The Securities and Exchange Commission is holding off forming several departments required under the Dodd-Frank financial reform law
The Securities and Exchange Commission is holding off forming several departments required under the Dodd-Frank financial reform law.
In a short notice posted on the agency's website Dec. 2, the SEC said “budget uncertainty” had caused it to delay creating an office to oversee access by women and minorities to the SEC process, an investor advisory committee, an investor advocate, a whistle-blower office, and units dedicated to oversight of credit ratings and municipal securities.
Functions that were to be handled under some of the new offices will be kept within existing departments, the SEC notice said.

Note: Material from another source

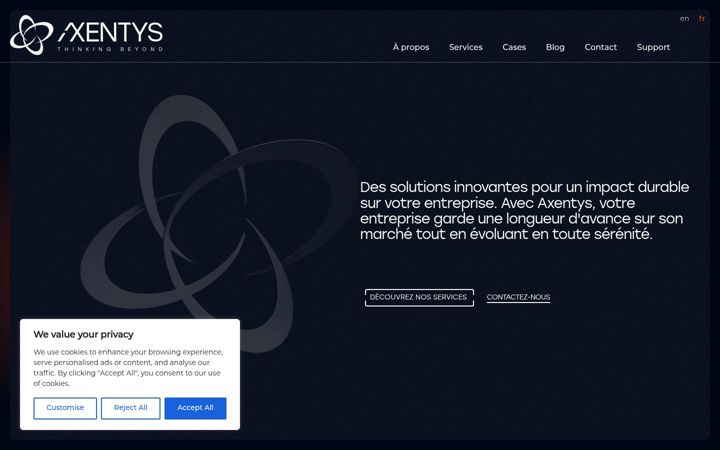 Screenshot of axentys.be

In an e-mail, SEC spokesman John Nester wrote that it's uncertain how long the delay might be. He said the agency has submitted a request to Congress to provide authorization and funding for the new departments.
Congress has not approved a federal budget for fiscal year 2011, so the SEC is operating at its fiscal 2010 funding level. That doesn't give the agency enough money to pay for the new offices, said Barbara Roper, director of investor protection at the Consumer Federation of America.
“Before it starts staffing up [for the new offices], the SEC wants to know if it's going to have to turn around and staff down” if it doesn't get a budget increase, Ms. Roper said. The delay is a “logical response” to the budget uncertainty, she added.
But Edward Siedle, founder of Benchmark Financial Services Inc., who investigates money managers for pension funds, doubts that the SEC really wants an effective whistle-blower program.
“Our government will spend more money this month combating WikiLeaks than it would cost to fund an effective SEC whistle-blower program for the next decade,” Mr. Siedle wrote in a column on Forbes.com. “My advice to would-be whistle-blowers: contact WikiLeaks.”
Mr. Nester disagrees, saying SEC chairman Mary Schapiro asked Congress for the authority under Dodd-Frank to compensate whistleblowers.
Last month, in proposing procedures the SEC would use to reward whistle-blowers, Ms. Schapiro said they can be a good source of leads, but that of the thousands of tips the SEC gets every year, few come from whistle-blowers.